The investigators described the evidence against the first man as "overwhelming," with witnesses and screen captures of chat messages backing up allegations that he made "persistent and unwelcome comments or messages of intimate or sexual nature" and "intrusive and obviously violating physical touching of a sexual nature."
He also continued to send such messages even after the recipient "clearly and repeatedly protested against it."
Most of the women who were wronged by the first man were "in a position of personal or professional dependence" to him.
The investigators did not interview the first man about the allegations, but based on his previous communications they determined he would likely deny the misconduct if asked.

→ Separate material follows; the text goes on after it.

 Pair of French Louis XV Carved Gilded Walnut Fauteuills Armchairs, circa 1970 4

Gender Balance did not detail any of the allegations against the second man who remains employed at Nordic Game. It did say the allegations involved "in-person misconduct that would have taken place several years ago, leaving few or no potential witnesses with clear recollections of the events," adding, "There [has] been no or very little textual evidence."

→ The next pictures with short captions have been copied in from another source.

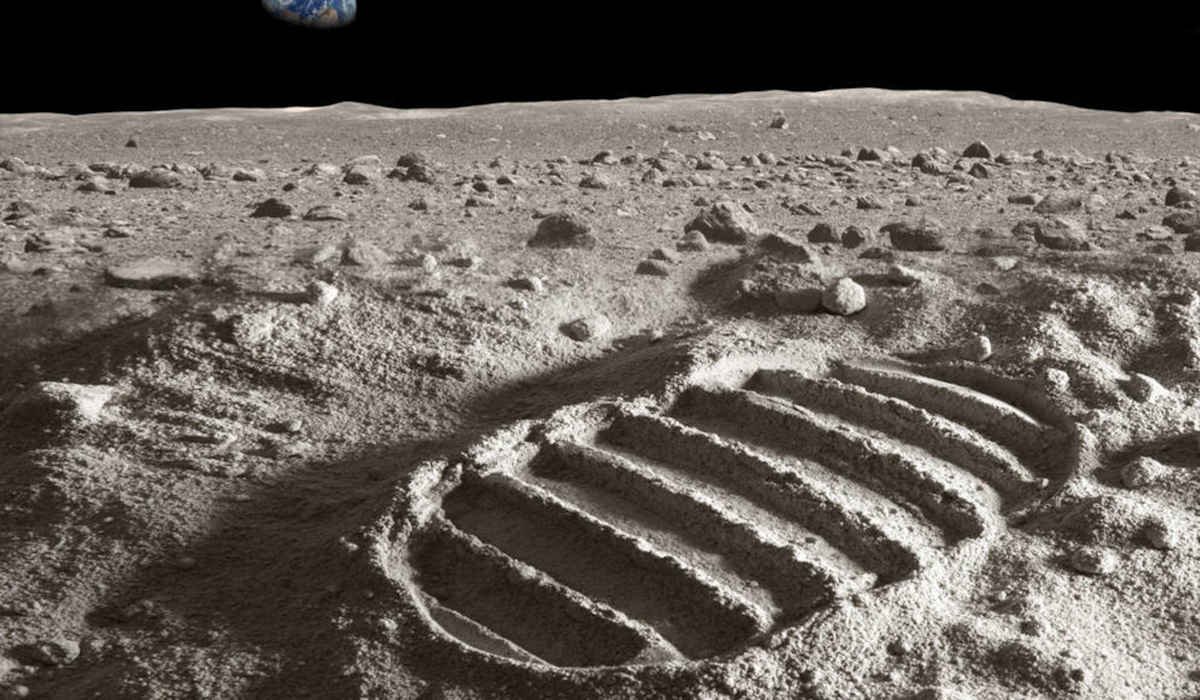 La NASA le pagará hasta 25.000 dólares por el suelo lunar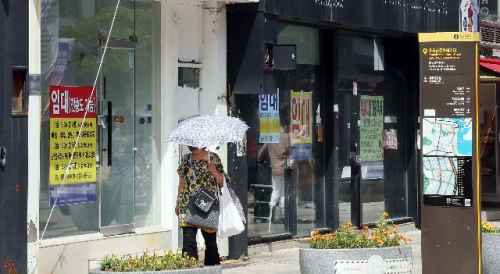지난해 8월 부산 중구 광복로 거리의 상가 건물 곳곳에 임대 안내문이 붙어 있다. 정종회 기자 jjh@
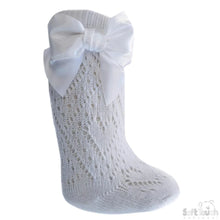 Load image into Gallery viewer, White Pelerine Knee High Bow Socks - Newborn To Age 6
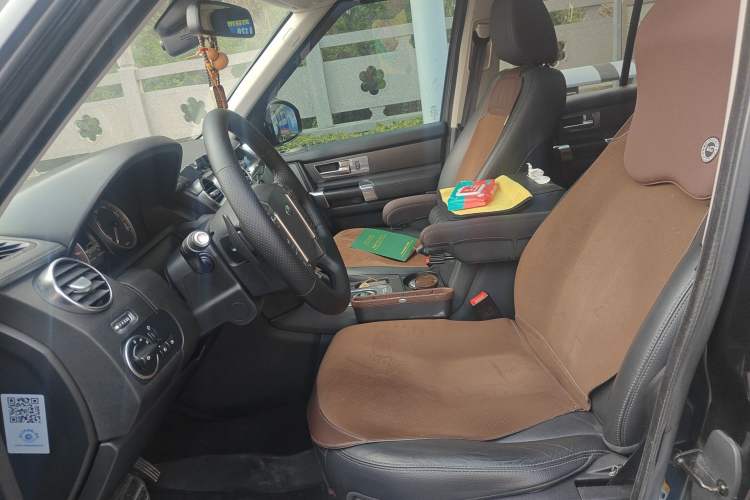 Used Land Rover Discovery 2016 3.0 SC V6 SE Left Front Seat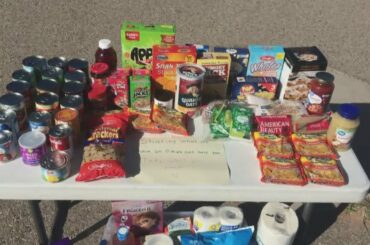 Rio Rancho girls giving snacks to neighbors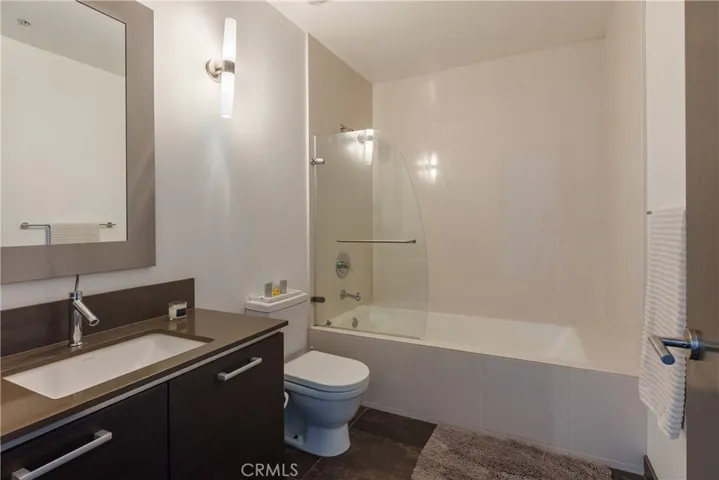 13320 Beach Avenue 301, Marina Del Rey, California 90292
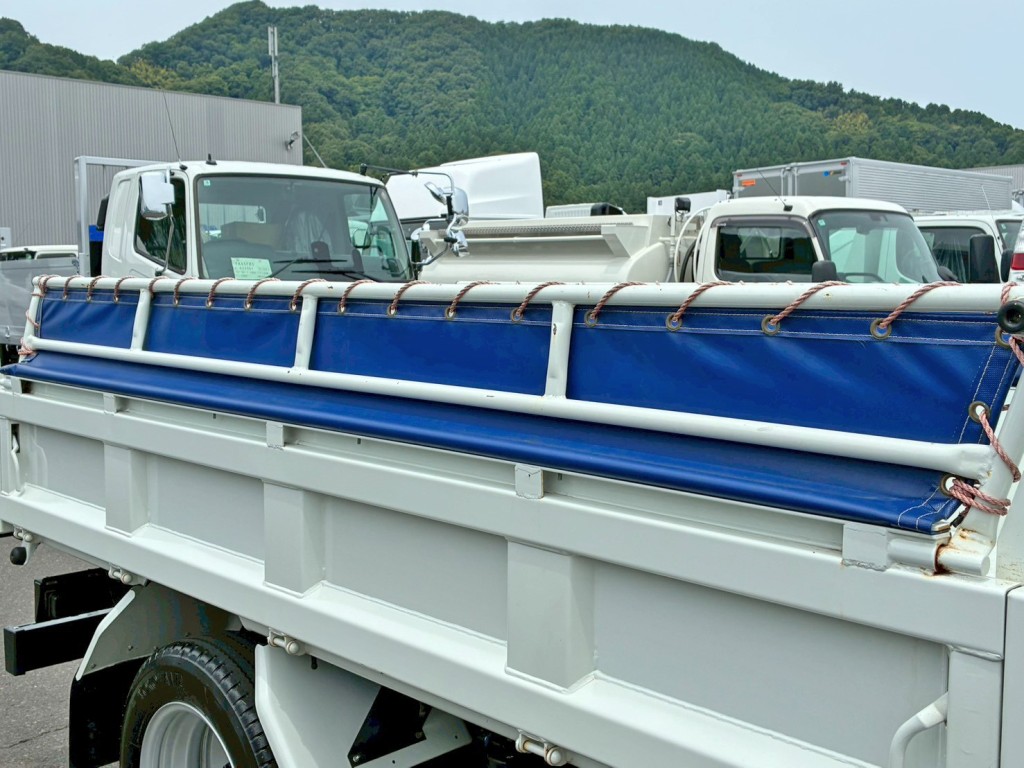 運転席側コボレーン骨組みにサビ・小キズがあります。|三菱 キャンター 2RG-FBA30(2WD)の写真11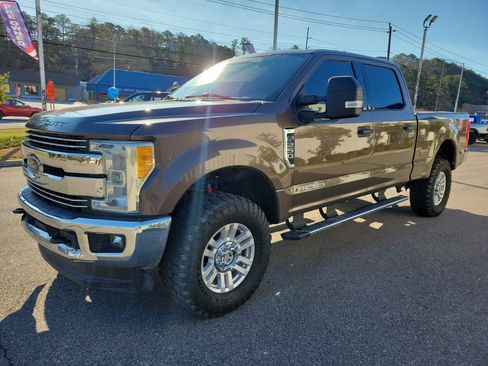 Used 2017 Ford F250 XLT w/ XLT Value Package image 3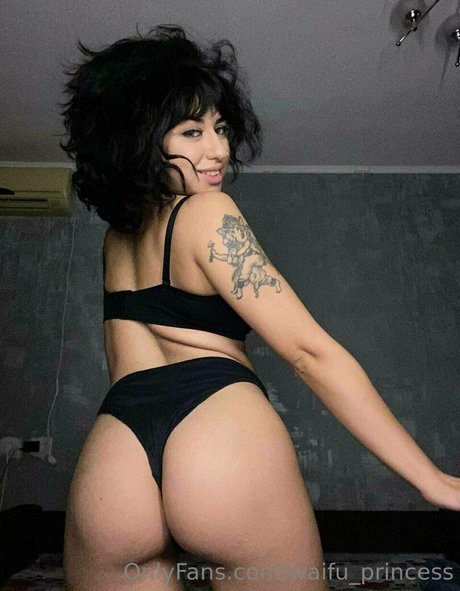 waifu princess modelo agradable galerías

The second man was interviewed by investigators and denied the allegations.
"Several people have testified to a culture at Nordic Game ranging from the informal and friendly (in a positive sense), to the unprofessional and inappropriate," Gender Balance said.
"This culture centered around [the two accused men], who by all accounts were good friends. The work could often lack structure in a general sense and frequently included heavy partying in conjunction with conferences or business trips. This created a high dependency for some of the victims on [the first man], which clearly [he] exploited."
The investigators also criticized Nordic Game's response to the allegations, saying it "lacked structure," with several employees or Nordic Game collaborators reaching out to the victims with "unsanctioned messages" multiple times.
"This created a disjointed communication from Nordic Game in a crucial time period were trust needed to be built," they said. "[The first man], meanwhile, was very vocal in his denials and more than once threatened to sue any alleged victim for defamation. This all contributed to a loss of trust between some of the persons who had made complaints and Nordic Game, creating additional difficulty for the investigation."
The allegations first surfaced in the fall of 2021. Nordic Game conducted its own investigation into them, saying last April that it "enforced restrictions" the staff members in question.
At the same time, Nordic Game CCO and program director Jacob Riis said he would step away from his duties hosting last year's event and the Nordic Game Discovery Contest, saying, "The encounters these individuals described and the feelings that they shared shook me to my core."
Correction: This article originally said Riis had left Nordic Game entirely. It has been amended.